Cassandra Glossary
A
B
back pressure
Pausing or blocking the buffering of incoming requests after reaching the threshold until the internal processing of buffered requests catches up.
C
cardinality
The number of unique values in a column. For example, a column of ID numbers unique for each employee would have high cardinality while a column of employee ZIP codes would have low cardinality because multiple employees can have the same ZIP code.
An index on a column with low cardinality can boost read performance because the index is significantly smaller than the column. An index for a high-cardinality column may reduce performance. If your application requires a search on a high-cardinality column, a materialized view is ideal.
clustering
The storage engine process that creates an index and keeps data in order based on the index.
clustering column
In the table definition, a clustering column is a column that is part of the compound primary key definition. Note that the clustering column cannot be the first column because that position is reserved for the partition key. Columns are clustered in multiple rows within a single partition. The clustering order is determined by the position of columns in the compound primary key definition.
coalescing strategy
Strategy to combine multiple network messages into a single packet for outbound TCP connections to nodes in the same data center (intra-DC) or to nodes in a different data center (inter-DC). A coalescing strategy is provided with a blocking queue of pending messages and an output collection for messages to send.
column family
A container for rows, similar to the table in a relational system. Called a table in CQL 3.
commit log
A file to which the database appends changed data for recovery in the event of a hardware failure.
compaction
The process of consolidating SSTables, discarding tombstones, and regenerating the SSTable index. The available compaction strategies are:
compound primary key
A primary key consisting of the partition key, which determines the node on which data is stored, and one or more additional columns that determine clustering.
consistency level
A setting that defines a successful write or read by the number of cluster replicas that acknowledge the write or respond to the read request, respectively.
coordinator node
The node that determines which nodes in the ring should get the request based on the cluster configured snitch.
cosine similarity
A metric measuring the similarity between two non-zero vectors in a multi-dimensional space. It quantifies the cosine of the angle between the vectors; the angle representing each vector’s orientation and direction relative to each other. Zero (0) indicates complete dissimilarity. Negative one (-1) indicates exact opposite orientation of the vectors. One (1) indicates complete similarity.
D
datacenter
A group of related nodes that are configured together within a cluster for replication and workload segregation purposes. Not necessarily a separate location or physical data center. Datacenter names are case sensitive and cannot be changed.
E
EBNF
EBNF (Extended Backus-Naur Form) syntax expresses a context-free grammar that formally describes a language. EBNF extends its precursor BNF (Backus-Naur Form) with additional operators allowed in expansions.
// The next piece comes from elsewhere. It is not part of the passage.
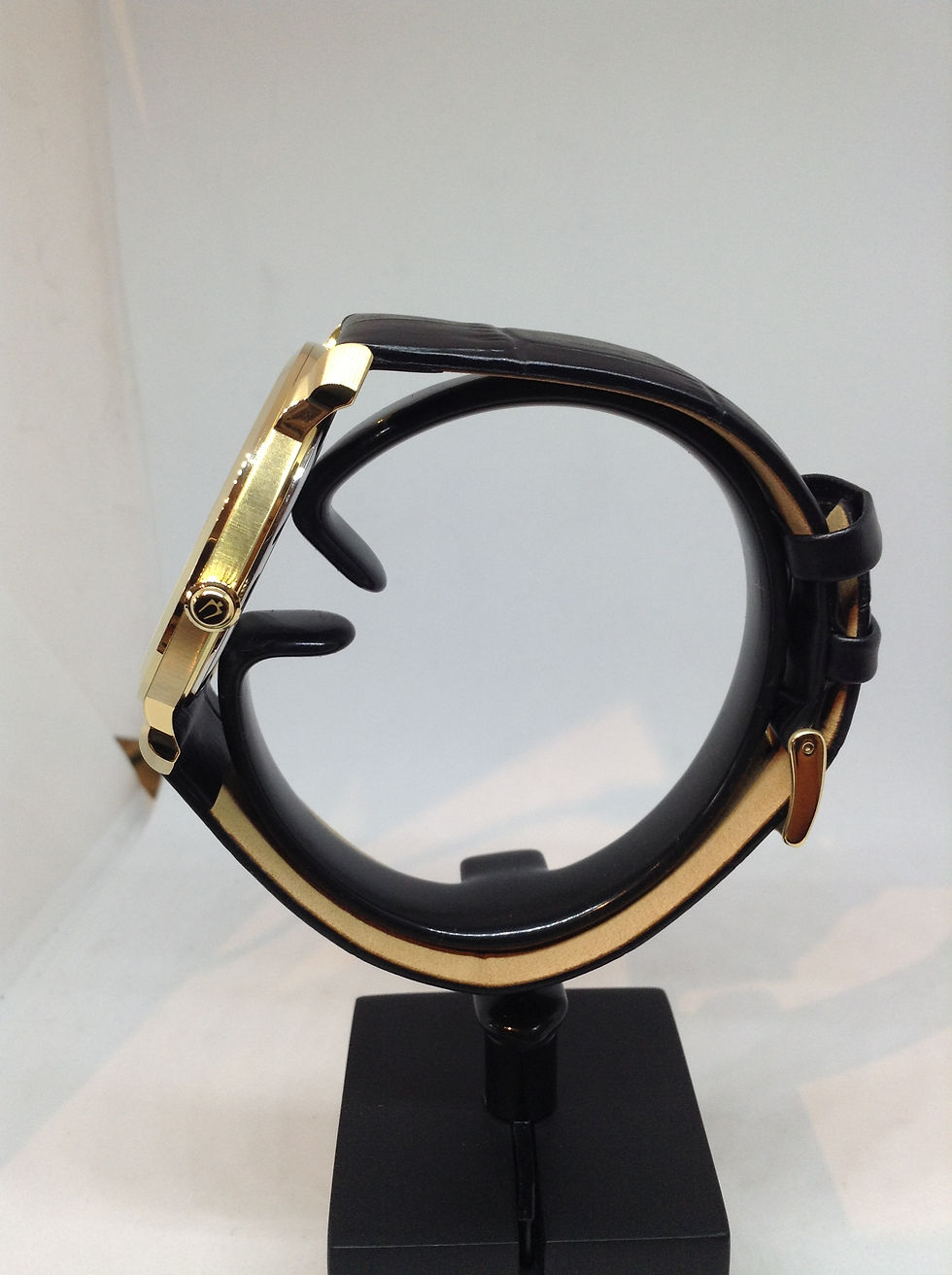 Thumbnail: Bulova quartz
Syntax (railroad) diagrams graphically depict EBNF grammars.
embeddings
A mathematical technique in machine learning where complex, high-dimensional data is represented as points in a lower-dimensional space. The process of creating an embedding preserves the relevant properties of the original data, such as distance and similarity, enabling easier computational processing. For instance, words with similar meanings in Natural Language Processing (NLP) can be set close to each other in the reduced space, facilitating their use in machine learning models.
Euclidean distance
A coordinate geometry non-negative distance metric between two points, quantifying the similarity or dissimilarity between those data points represented as vectors. Use it to compare generated samples to real data points.
eventual consistency
The database maximizes availability and partition tolerance. The database ensures eventual data consistency by updating all replicas during read operations and periodically checking and updating any replicas not directly accessed. The updating and checking ensures that any query always returns the most recent version of the result set and that all replicas of any given row eventually become completely consistent with each other.
G
H
HDD
A hard disk drive (HDD) or spinning disk is a data storage device used for storing and retrieving digital information using one or more rigid rapidly rotating disks. Compare to SSD.
HDFS
Hadoop Distributed File System (HDFS) stores data on nodes to improve performance. HDFS is a necessary component in addition to MapReduce in a Hadoop distribution.
I
L
LeveledCompactionStrategy (LCS)
This compaction strategy creates SSTables of a fixed, relatively small size that are grouped into levels. Within each level, SSTables are guaranteed to be non-overlapping. Each level (L0, L1, L2, and so on) is ten times as large as the previous level. Disk I/O is more uniform and predictable on higher levels than on lower levels as SSTables are continuously being compacted into progressively larger levels. At each level, row keys are merged into non-overlapping SSTables in the next level. This process improves performance for reads because the database can determine which SSTables in each level to check for the existence of row key data.
linearizable consistency
Also called serializable consistency, linearizable consistency is the restriction that one operation cannot be executed unless and until another operation has completed.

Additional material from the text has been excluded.